While the yearly performance is still negative, FSAGX is up over 22% in the past three months and over 12% in the past month. This reinforces the importance of looking at your funds on a regular basis. The weekly analysis (not shown) does suggest that a bottom is now in place.
But what happens in a bear market? Typically different sectors and funds will top out at different times, therefore funds would be sold and more cash would move into a money market, as few would be giving new positive signals. Often those funds that are stronger than the S&P 500 when the market bottoms become the new leaders. A heavy weighting in gold funds during the last bear market would have done a good job of cushioning your portfolio.

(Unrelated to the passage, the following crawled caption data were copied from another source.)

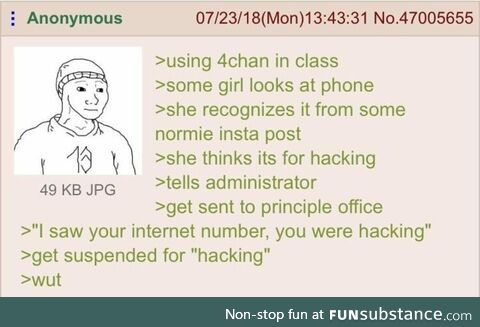 Looks like we finally caught the hacker known as 4chan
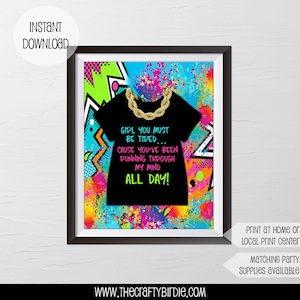 Fresh prince Sign, Will smith quote, fresh prince quote, fresh prince party, fresh prince party decor, baby shower sign, 90s sign, 90s party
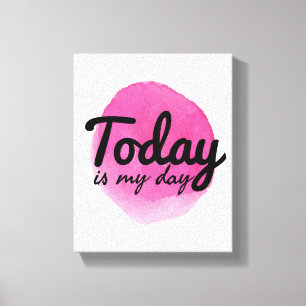 Impressão Em Tela boas vibrações palavras para autoamor e autocuid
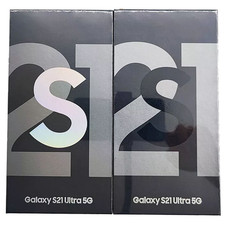 NEW SEALED BOX SAMSUNG GALAXY S21 ULTRA 5G SM-G998U 128GB/256G FACTORY UNLOCKED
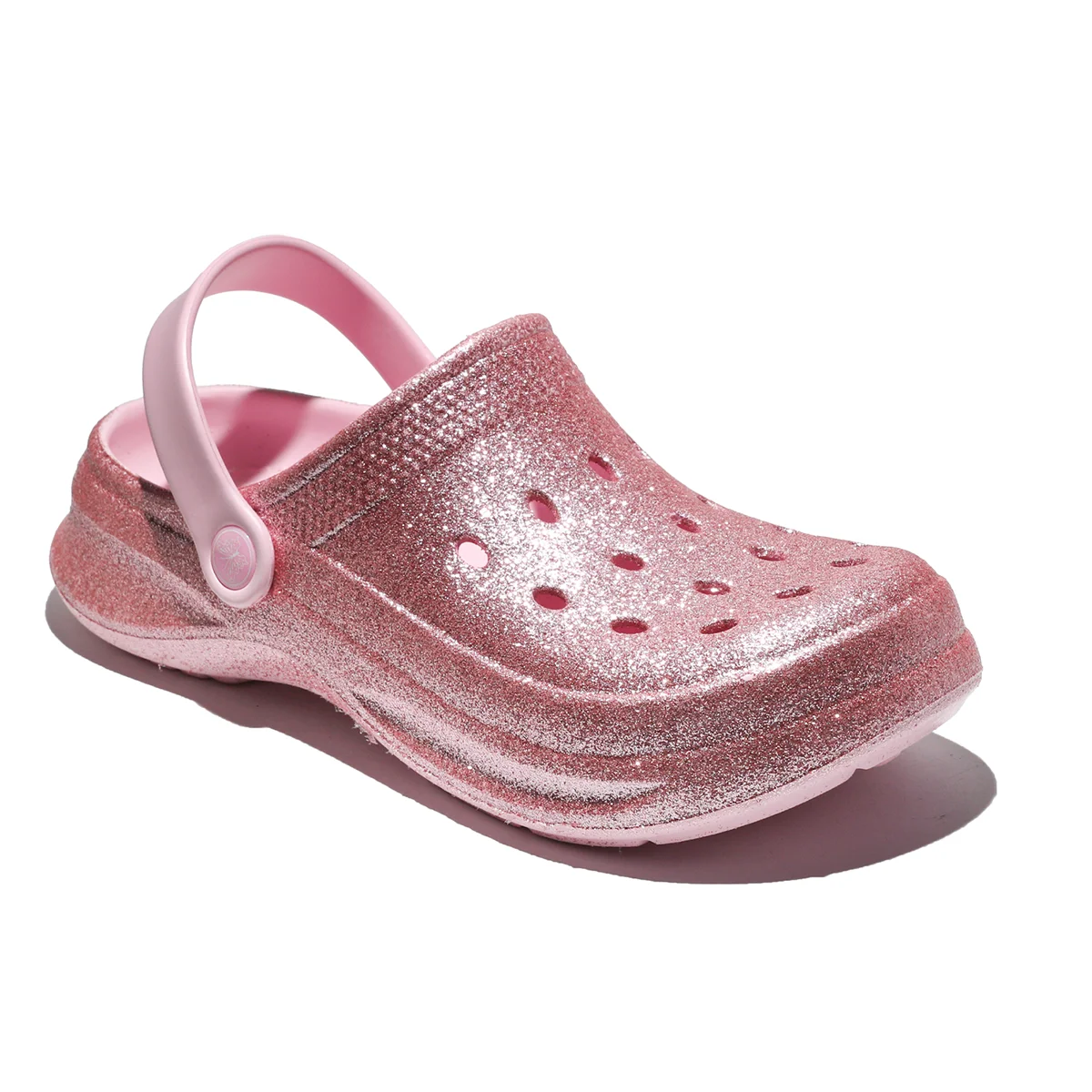 Glitzer-Clogs, Leichte EVA-Gartenschuhe, Wasserdichte Rutschfeste Sandalen, Bequeme Slip-On Schuhe für Drinnen und Draußen 816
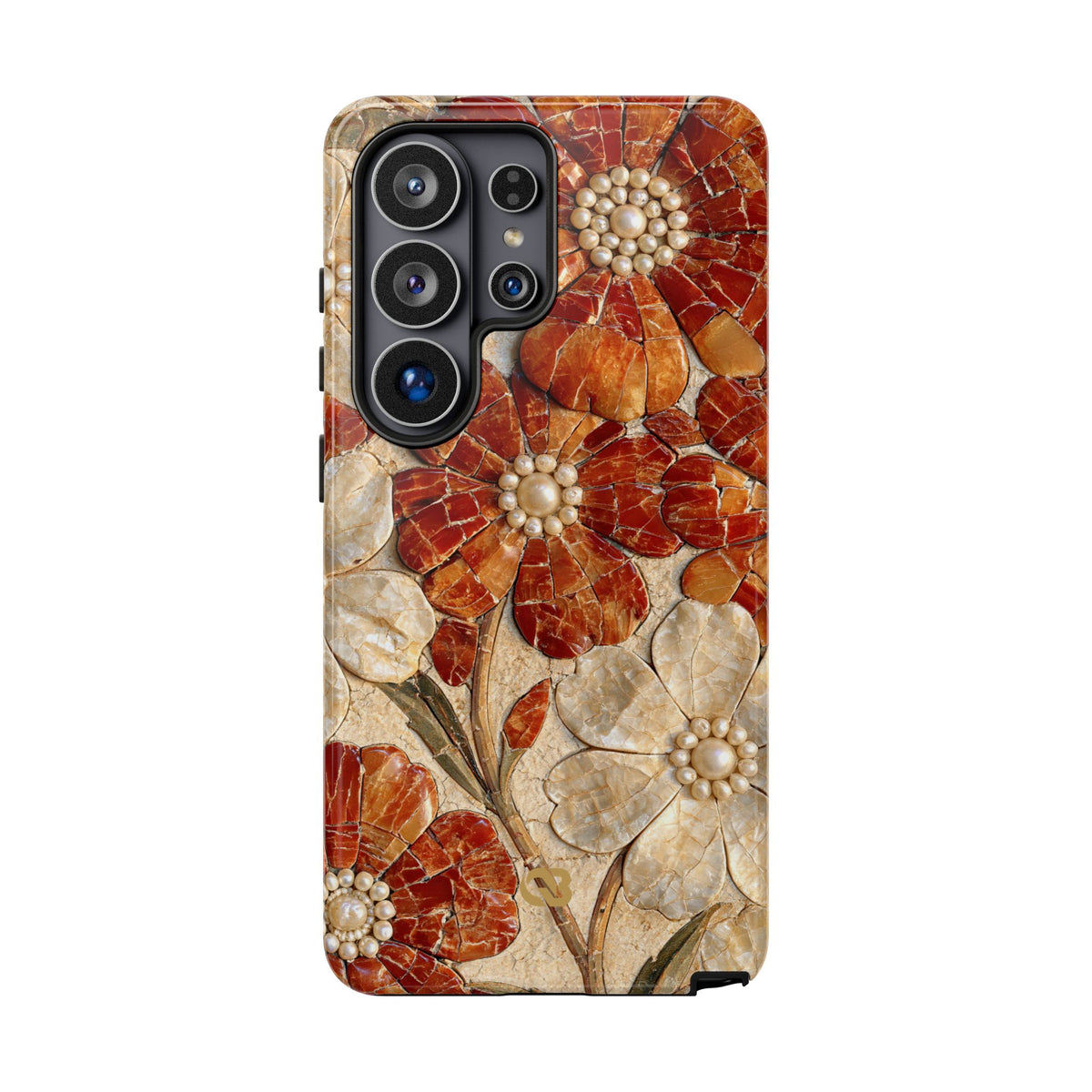 Carnelian Pearl Bloom · Tough Phone Case for Samsung · Orange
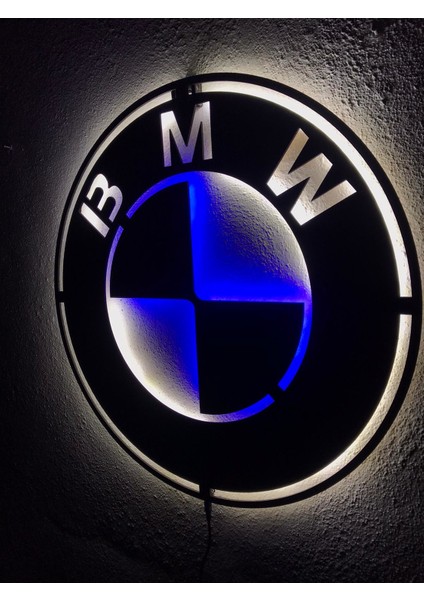 Bmw Logo Işıklı Tablo modelleri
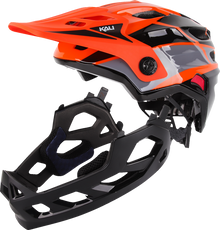 KALI Child Maya Full Face Helmet - Race - Gloss Orange/Gray/Black - OS 0221923312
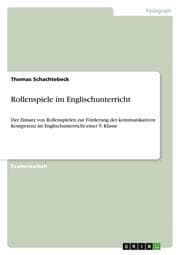 Cover von Rollenspiele im Englischunterricht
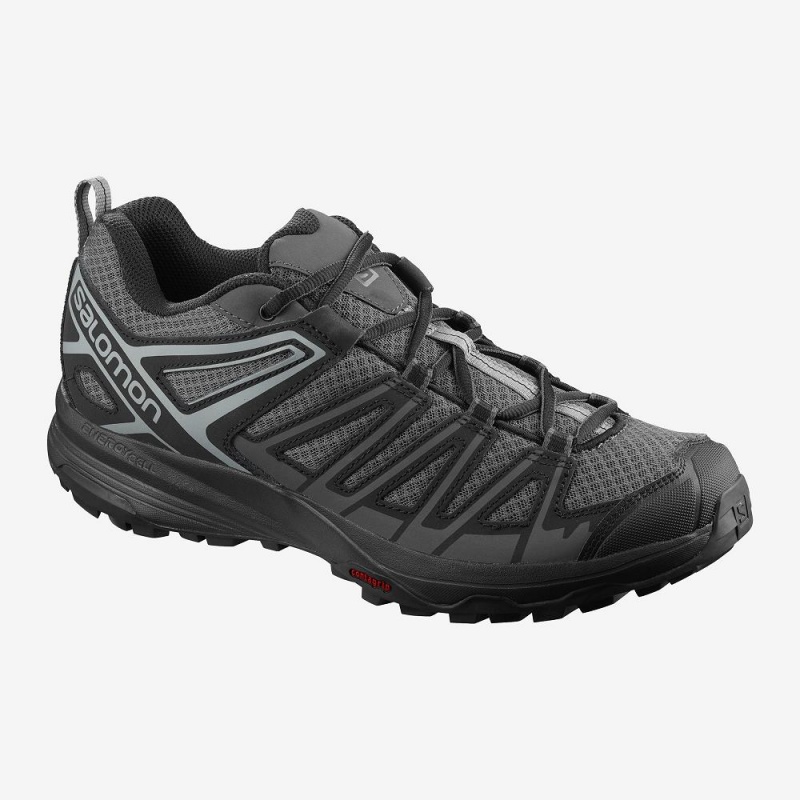 Salomon X Crest Trekking Herr Svarta | 41809-GHKO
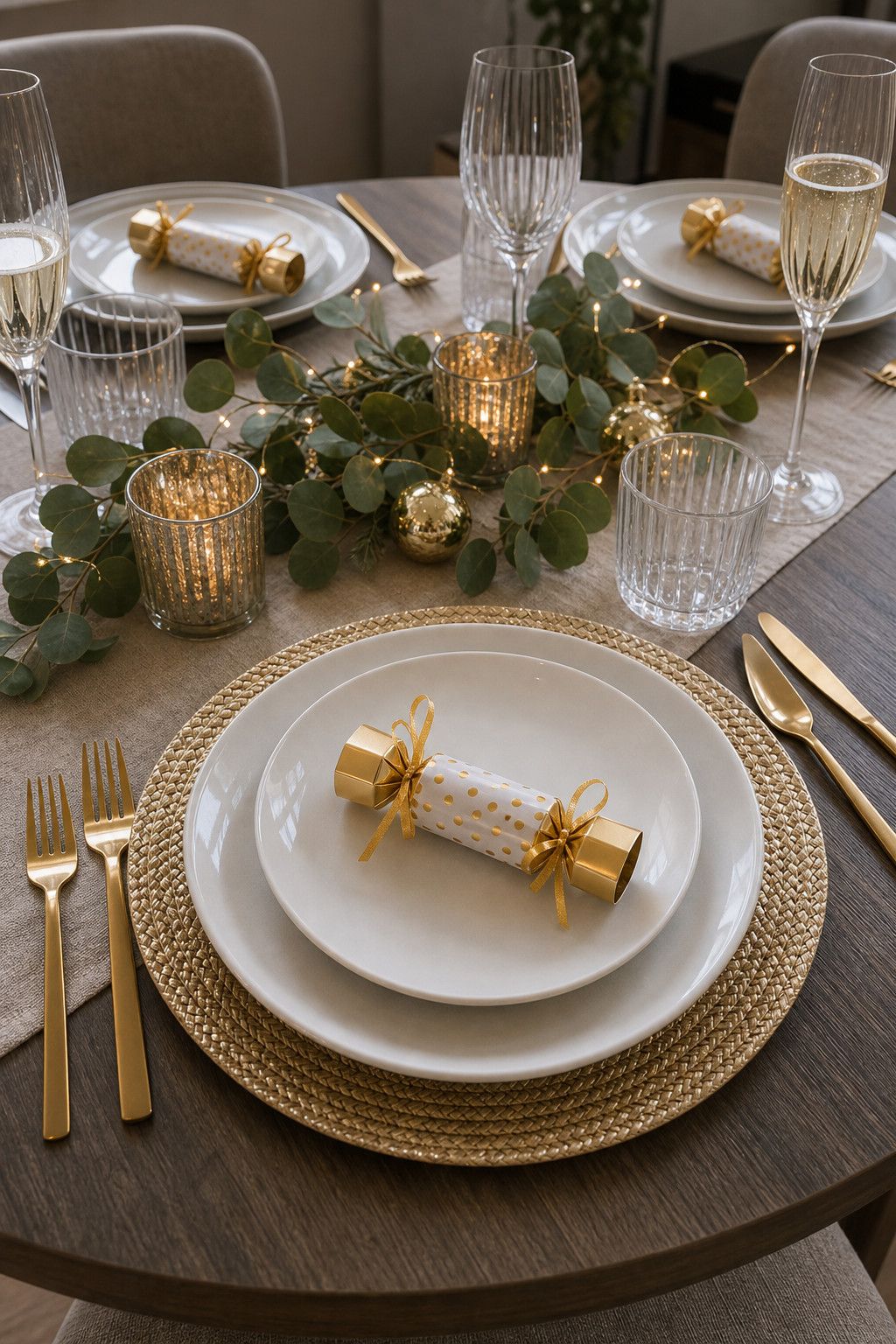 Set Out a Party Favor at Each Plate small apartment idea for Top 17 Best New Year Table Setting Ideas for Small Apartments.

So what steps do you need to take in order to drive your own 401k?
- Assemble a list of funds that you currently have in your 401k, as well as those funds that have lagged the S&P 500.
- Check the prices of each fund either weekly or bi-weekly and keep a written list and journal of your analysis.
- Look for funds that have either increased or decreased significantly (3-5%) in the past three reviews. Be sure to verify that there were not any distributions.
- Use ratio analysis to rate each fund as to how they are performing versus the S&P 500. Once you find a fund that appears to be bottoming versus the S&P 500, establish a small position, maybe 2-3%. Once a fund is clearly outperforming the S&P 500, buy more of the fund until you reach 10-15% of your portfolio.
- Look for pullbacks in those funds that have been outperforming the S&P 500 for additional buying opportunities.
- Always keep some cash in a money market fund, at least 5-15%, so you will have some available capital to move into a new fund.
- Each time you examine your funds review your journal as it will allow you to spot changes as well as determine how well you are sticking with your schedule.
This process, I think, will make a significant difference in the performance of your 401k, but it will take regular disciplined effort for it to be effective. A haphazard approach is not likely to be as successful as you are likely to miss some significant market developments.